The observation of perturbative HHG in TIs is highly interesting, because it could mean that a higher conversion efficiency can be obtained for increased incident field strengths. We observe that the highest overall conversion efficiency for graphene is about 0.5% in the field, which is consistent with other studies29,31. However, saturation effects at high fields may impose an efficiency limit. For the TI samples, we observe maximum third-order conversion efficiencies of 0.13, 0.08, and 0.03% in the field for Bi2Te3, BSTS, and Bi2Se3, respectively. A maximum conversion efficiency for the fifth harmonic generation of around 0.014% at 140 kV cm−1 fundamental field strength is observed. These efficiencies are lower than the one obtained for graphene.
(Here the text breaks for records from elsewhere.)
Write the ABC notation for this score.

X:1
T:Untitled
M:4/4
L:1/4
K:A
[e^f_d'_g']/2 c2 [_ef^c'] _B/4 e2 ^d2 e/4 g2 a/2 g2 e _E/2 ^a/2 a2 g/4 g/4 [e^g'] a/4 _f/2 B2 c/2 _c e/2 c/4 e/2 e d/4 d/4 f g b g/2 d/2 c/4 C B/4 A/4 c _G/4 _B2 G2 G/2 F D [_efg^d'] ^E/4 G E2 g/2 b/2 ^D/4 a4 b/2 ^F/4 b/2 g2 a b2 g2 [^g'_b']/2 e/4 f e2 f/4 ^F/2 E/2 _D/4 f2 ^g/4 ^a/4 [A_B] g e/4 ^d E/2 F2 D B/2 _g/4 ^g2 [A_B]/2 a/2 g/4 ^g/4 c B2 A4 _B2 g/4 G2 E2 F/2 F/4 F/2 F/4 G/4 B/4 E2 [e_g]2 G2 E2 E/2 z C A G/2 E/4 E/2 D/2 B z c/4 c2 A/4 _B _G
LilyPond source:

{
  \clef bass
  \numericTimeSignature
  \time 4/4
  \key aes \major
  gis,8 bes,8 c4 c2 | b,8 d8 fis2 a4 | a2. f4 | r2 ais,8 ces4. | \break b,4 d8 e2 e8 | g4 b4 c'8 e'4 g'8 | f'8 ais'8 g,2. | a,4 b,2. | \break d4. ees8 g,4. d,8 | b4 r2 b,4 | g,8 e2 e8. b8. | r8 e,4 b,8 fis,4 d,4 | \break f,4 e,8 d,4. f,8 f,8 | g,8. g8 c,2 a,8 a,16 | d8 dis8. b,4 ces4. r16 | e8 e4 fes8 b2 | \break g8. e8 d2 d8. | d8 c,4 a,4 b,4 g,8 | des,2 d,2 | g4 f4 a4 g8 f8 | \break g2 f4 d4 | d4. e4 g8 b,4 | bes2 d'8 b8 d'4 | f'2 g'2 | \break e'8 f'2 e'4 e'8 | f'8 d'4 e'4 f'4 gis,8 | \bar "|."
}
However, the purely perturbative scaling indicates that higher conversion efficiencies than for graphene are achievable by further increasing the incident field, which is of great technological interest.

Perspective and summary

In conclusion, we experimentally isolated the dynamical response of Dirac fermions in surface states of TIs that are excited by THz light, and observe ultrafast relaxation dynamics on a timescale of a few hundred femtoseconds. This decay is significantly faster than the dynamics of photoexcited carriers in bulk states, and likely originates from efficient phonon-assisted scattering either via surface intraband or surface-bulk interband transitions. In agreement with such fast relaxation, we observe no saturation effects in THz harmonic generation up to the highest field of 140 kV cm−1, where the graphene harmonic response is already strongly saturated. Our findings are of high technological relevance since they indicate that the nonlinear conversion efficiencies in the investigated TIs can, in contrast to graphene, potentially be scaled to higher values e.g. by employing metamaterials to locally enhance the electric fields31. Furthermore, the observed fast relaxation of surface-state Dirac fermions could open up new opportunities for ultrafast spintronic devices based on topological insulators.